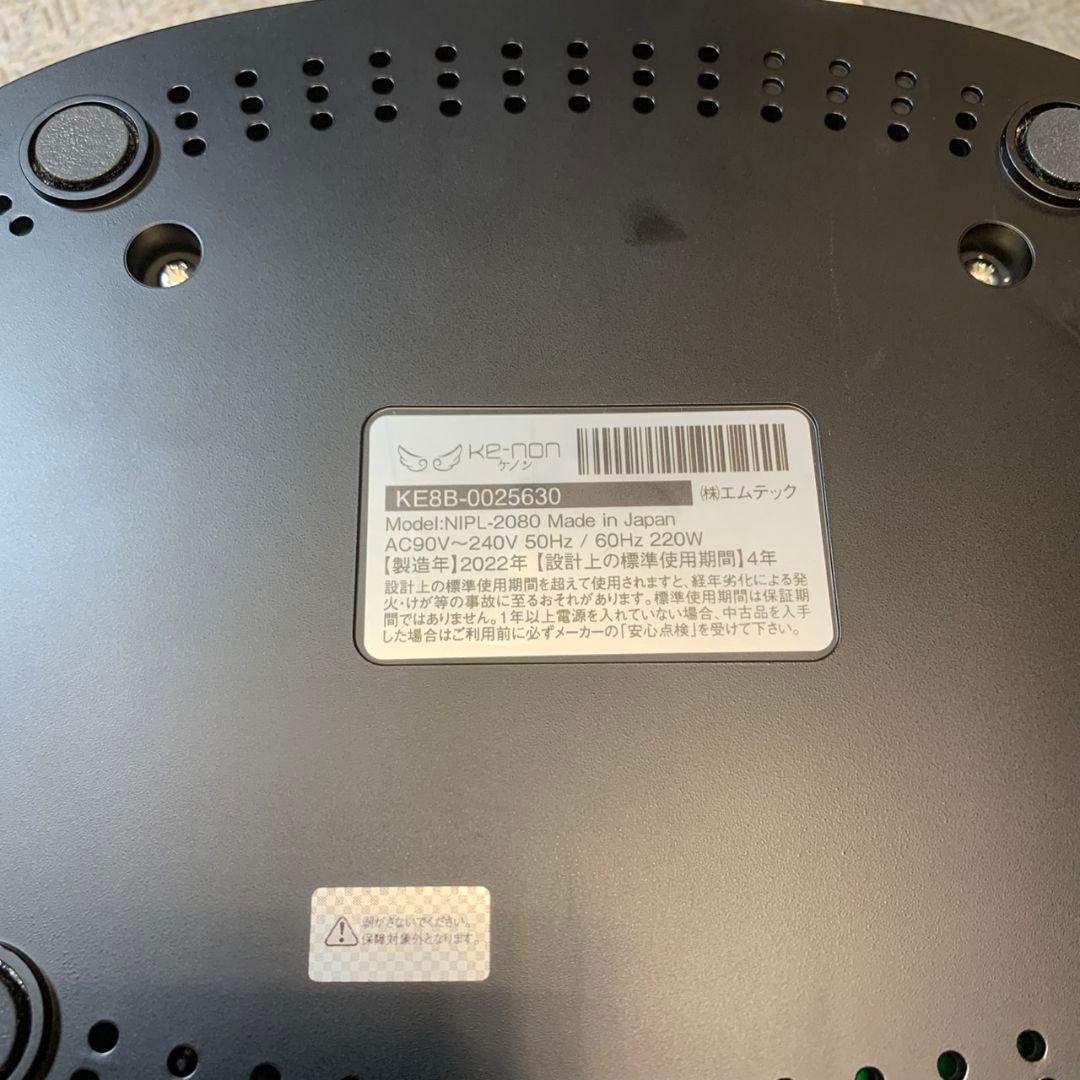 J491R ケノン KE-NON 脱毛器 2022年製 ブラック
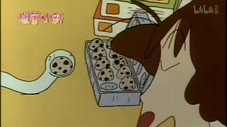 Épisode 390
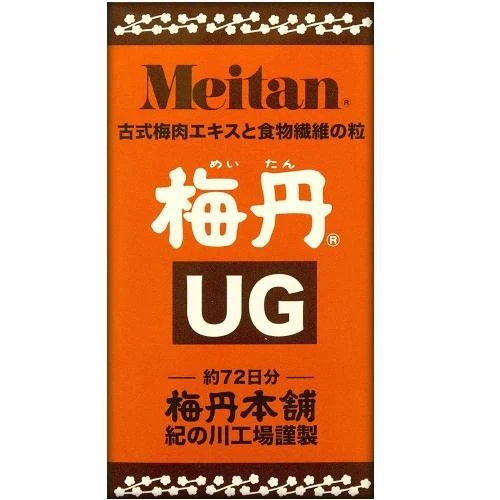 Meitan Ug 100% Domestic Plum 180g - Japanese Vitamins, Minerals And Health Supplements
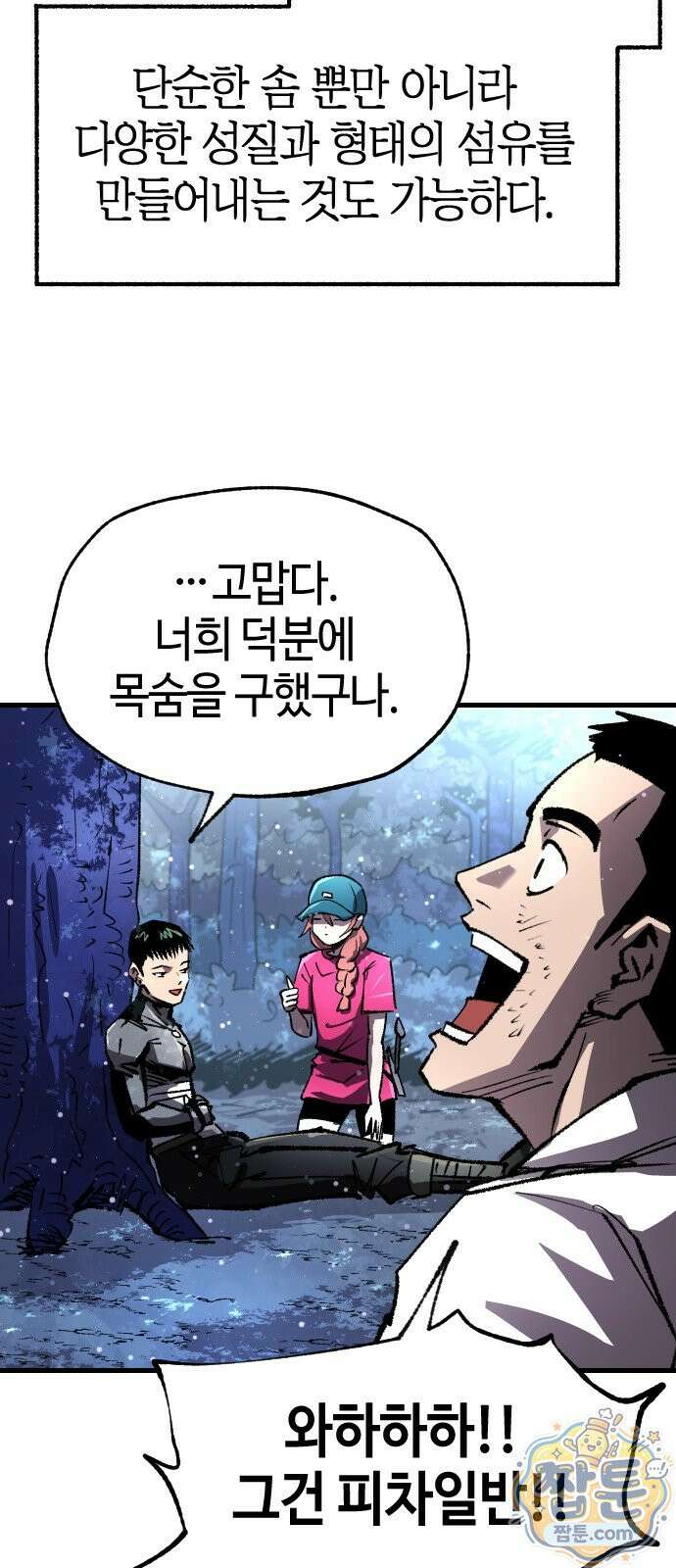 별과 사슬이 뜨는 섬 72화 23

* _Work instruction_
Return the complete material exactly as given, excluding images.

* _Task response_
 J491R ケノン KE-NON 脱毛器 2022年製 ブラック
 Épisode 390
 Meitan Ug 100% Domestic Plum 180g - Japanese Vitamins, Minerals And Health Supplements
 별과 사슬이 뜨는 섬 72화 23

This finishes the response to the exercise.